Alone in his studio in the south of France, he has created these pastels without models but he has used as a base the hundreds of nude portraits he made in Paris in the 80's and 90's. As these models were his friends, there is a sense of complicity and provocation in the drawings. Their suggestive poses place the viewer at the heart of the equivocal relation between the artist and the model. Michael Bastow reinterprets the myth of Pygmalion in that, in these artificial visions, the viewer becomes a puppet of his own fantasies.
"These pastels are my confinement drawings. For the last two years, they have been pinned to the walls of my studio to ripen in a way. From time to time, they have been unpinned to be 'taken further forward' to use an expression of the Australian painter Asher Bilu. This process could be repeated over and over. Each iteration was photographed and dated.

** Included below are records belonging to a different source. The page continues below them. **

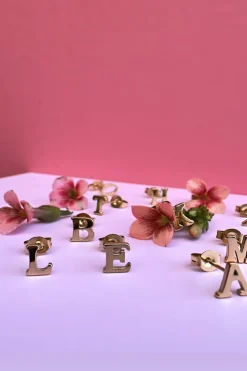 Mellow Moon Bogstav ørestikker< Øreringe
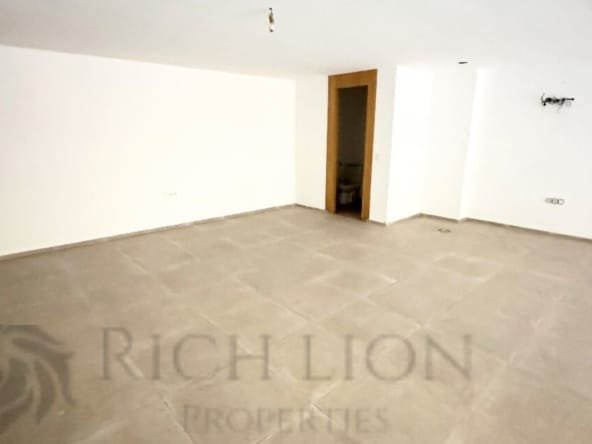 office 06 for rent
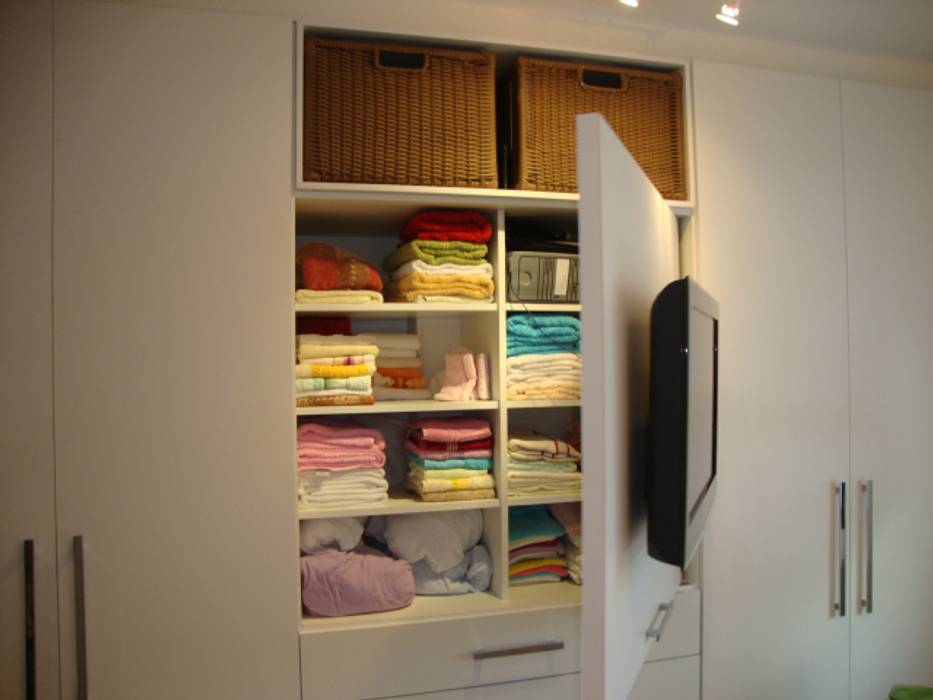 Interiores, ADL Projetos Sob Medida ADL Projetos Sob Medida Eclectic style bedroom MDF Wardrobes & closets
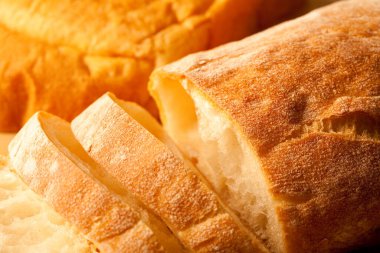 Taze fırınlanmış ekmeğin yakın plan görüntüsü              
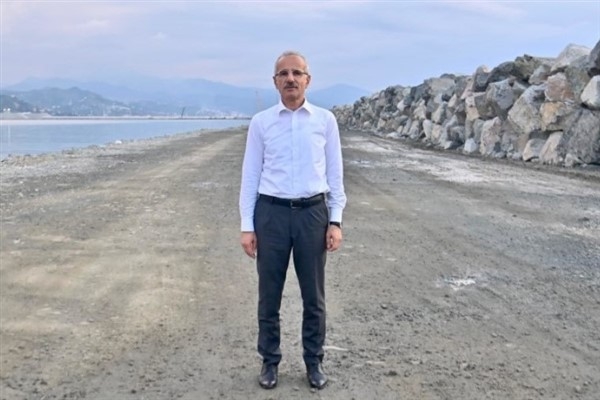 Uraloğlu: Türkiye-Bulgaristan ulaştırma bağlantıları güçlendirilecek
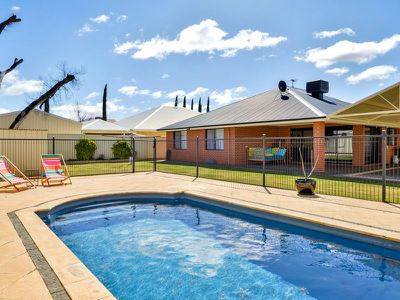 19 Vitali Crescent, Somerville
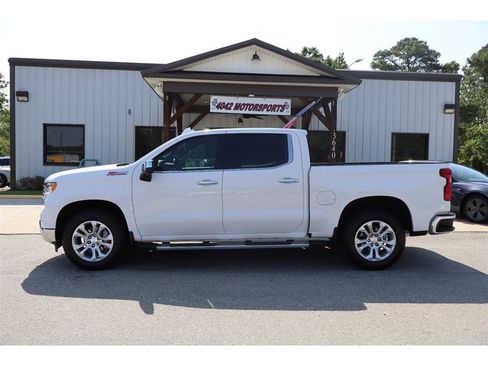 Used 2022 Chevrolet Silverado 1500 LTZ w/ LTZ Premium Package AWD/4WD image 2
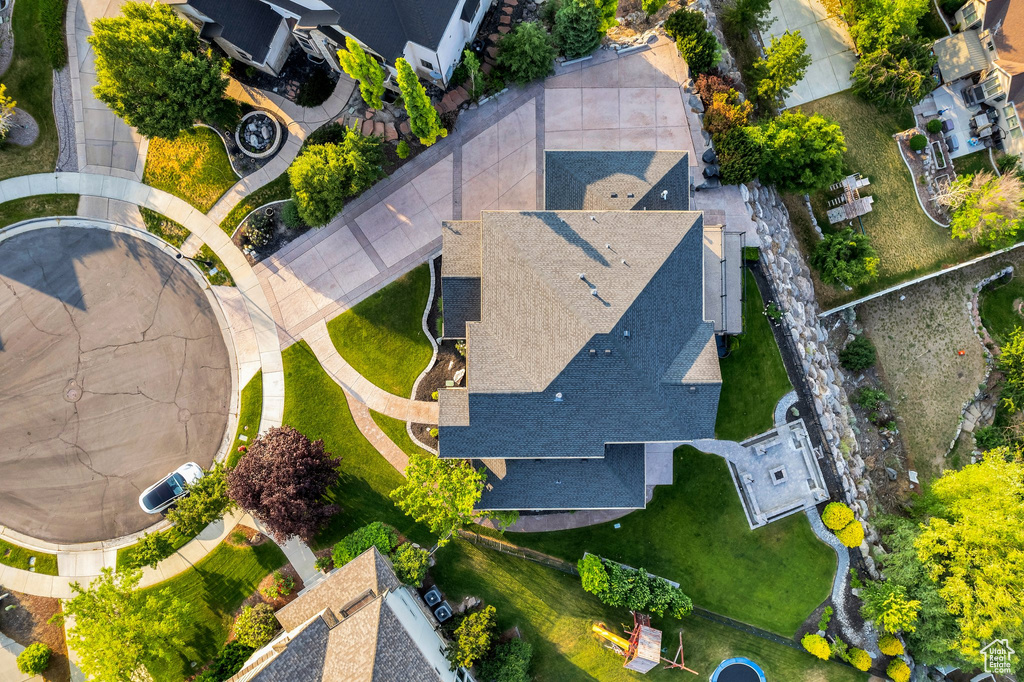 Aerial view of property and surrounding area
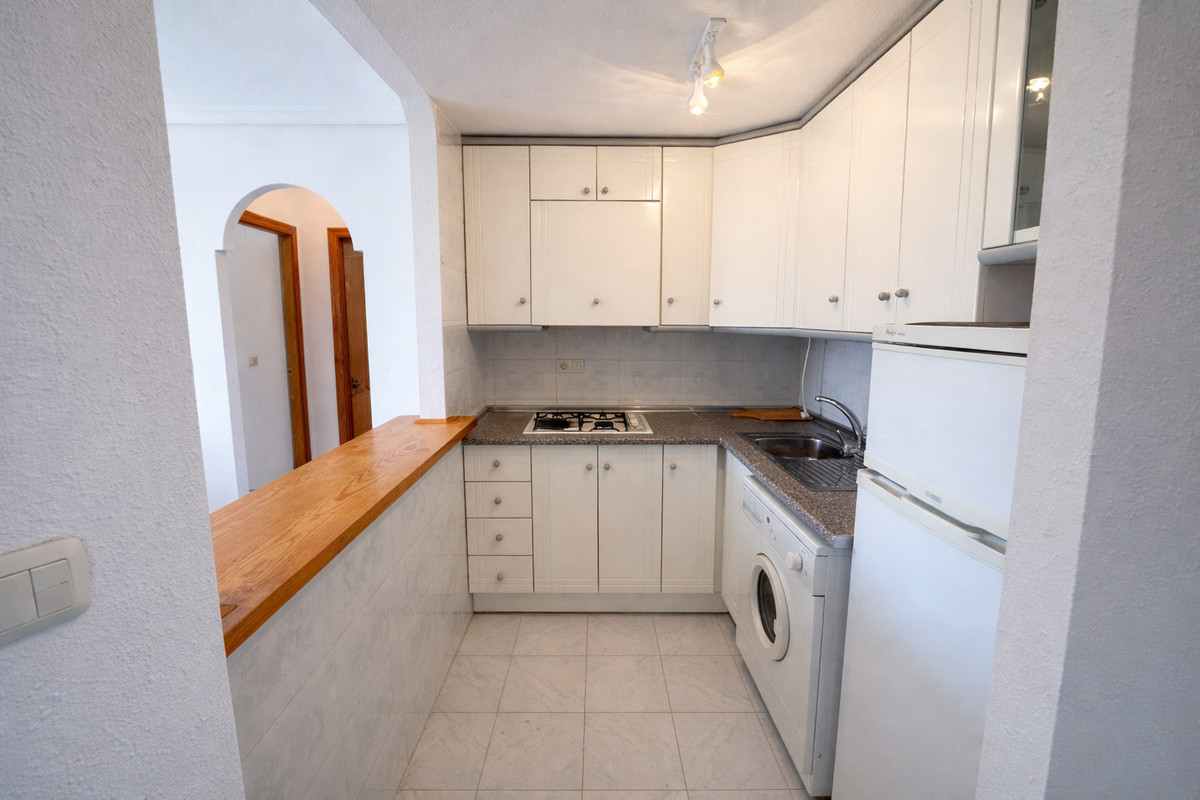 2 Bed Apartment for sale in Playa De La Mata Costa Blanca, Alicante, Spain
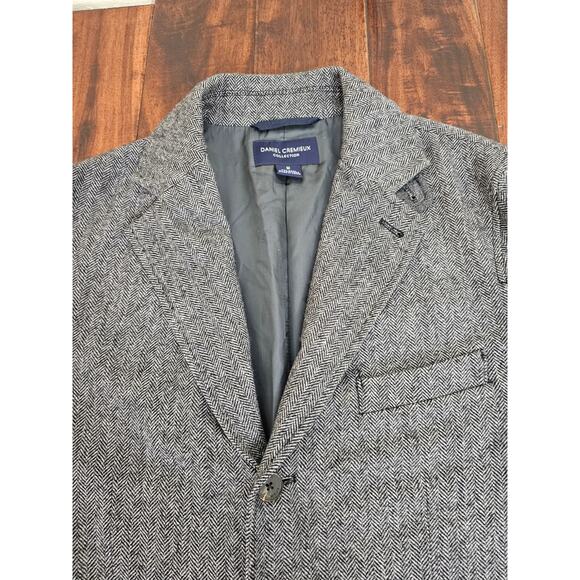 Daniel Cremieux gray herringbone blazer. Wool and cashmere . Mens Size Medium - Picture 2 of 11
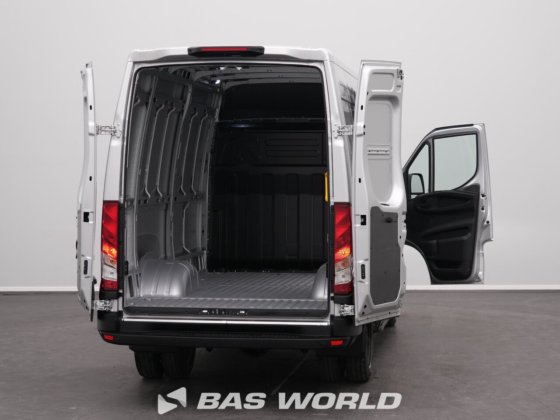 イヴェコ・デイリー 35C18 クローズド・ボックス・バン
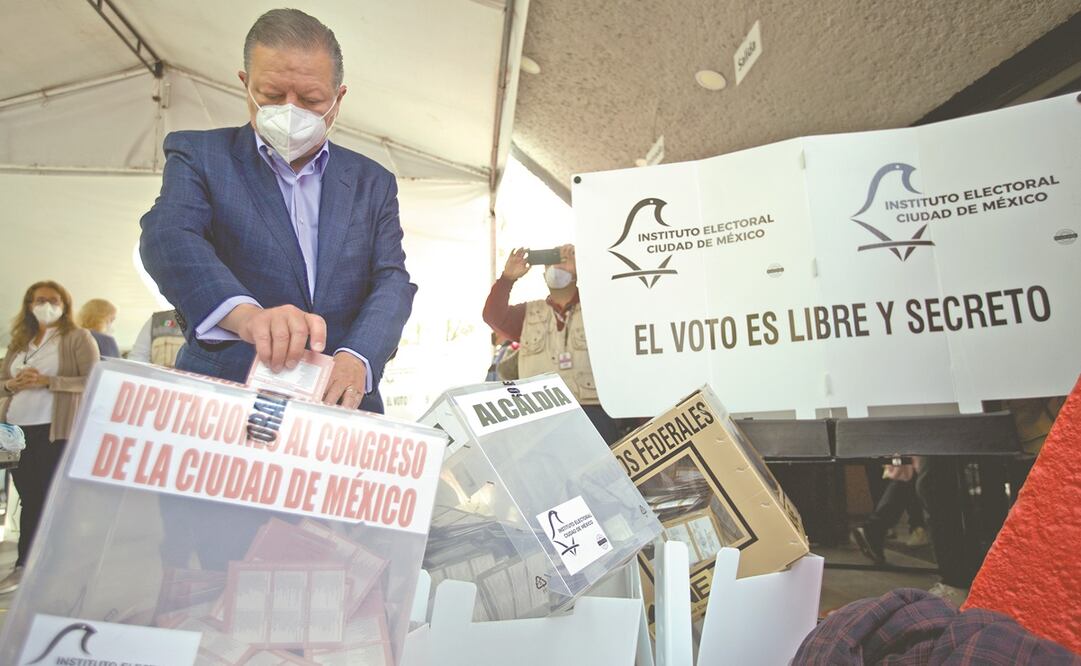 El presidente de la SCJN, Arturo Zaldívar, llama a que mexicanos construyan un mejor país. Foto: Germán Espinosa. EL UNIVERSAL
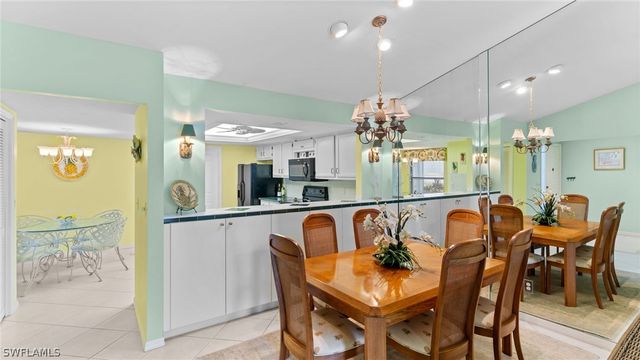 660 Kings WAY, Naples, FL 34104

These works refer to some of my favourite nudes in the history of art, the odalisques of Matisse, especially the drawings and the pose he used in his 'Nu Bleu (Souvenir de Biskra)'. There are also references to Manet, Courbet and Rodin, and to the subtle eroticism and false modesty of the Renaissance artists, particularly in the 'Danae' by Titian. The kindergarten series with Pinocchio's nose alludes to the work of the German expressionist artists Beckmann, Heckel and Grosz.
The pastels are done from memory and from the model drawings I did while living in Paris. I have invented some of the personages by combining elements from different drawings, faces, hands, breasts, vulvas, etc. This creates a dynamism different from that in the original sketches. The simple replacing of hands can eroticise an otherwise anodyne pose, as Rodin showed with his numerous recombinations, transforming and recomposing figures from what he called his 'abattis'."